The last of us Games are filled with in-universe media. As Joel and Ellie make their way through Naughty Dog’s version of a post-apocalyptic America, the two frequently stumble upon remnants of the world before the Cordyceps fungus destroyed polite society, and talk about it at length. Wild Starlighta comic series that functions as a collector’s item The Last of Us Part I, is a personal favorite of Ellie’s. It’s a science fiction series based on a character named Dr. Follows Daniela Star who goes on adventures across the galaxy. As you collect these comics throughout the game, you’ll get bits of the story from the blurbs on the back of each volume, but the real value of them is in the way they expand on Ellie’s character in both games. She develops a fascination with outer space and wishes she could have been an astronaut in a world not destroyed by infection, and Dr. Star’s catchphrase “to the edge of the universe and back, endure and survive” is a thematic touchstone.
Elsewhere, Joel and Ellie find an advertisement for a movie called Dawn of the Wolf this is clearly a tribute to the dusk Series that Joel watched with his daughter Sarah just before the outbreak. Both Wild Starlight And Dawn of the Wolf appear in the seventh installment of the series, which serve both as a knowing nod to old fans and a talking point about how characters like Ellie and her best friend and first love Riley, who were born after the apocalypse, lack much cultural context for that what the world was like before.
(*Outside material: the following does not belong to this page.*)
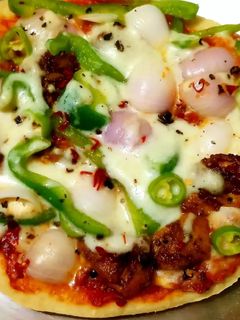 চিকেন পিজ্জা(Chicken pizza recipe in bengali) রেসিপির প্রধান ছবি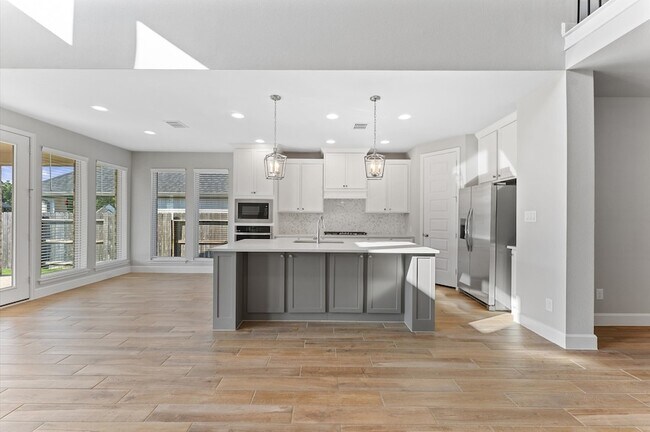 Building Photo - 528 Oakview Bend Dr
However, the show also includes a few more real-world brands to illustrate these concepts. During Ellie and Riley’s mall date in episode seven, they pass a Victoria’s Secret and realize how ridiculous and impractical lingerie seems in a world where they live in military boarding schools and join revolutionary groups like the Fireflies. It’s a beautiful scene and allows for a little flirtatious banter for Ellie and Riley as they continue to explore the abandoned mall, but it also underscores the reality that TV shows are more likely to enter into product placement deals with real-life brands than games, leading to a departure from that Source material in an episode that their adaptation mostly plays pretty straight forward (heh).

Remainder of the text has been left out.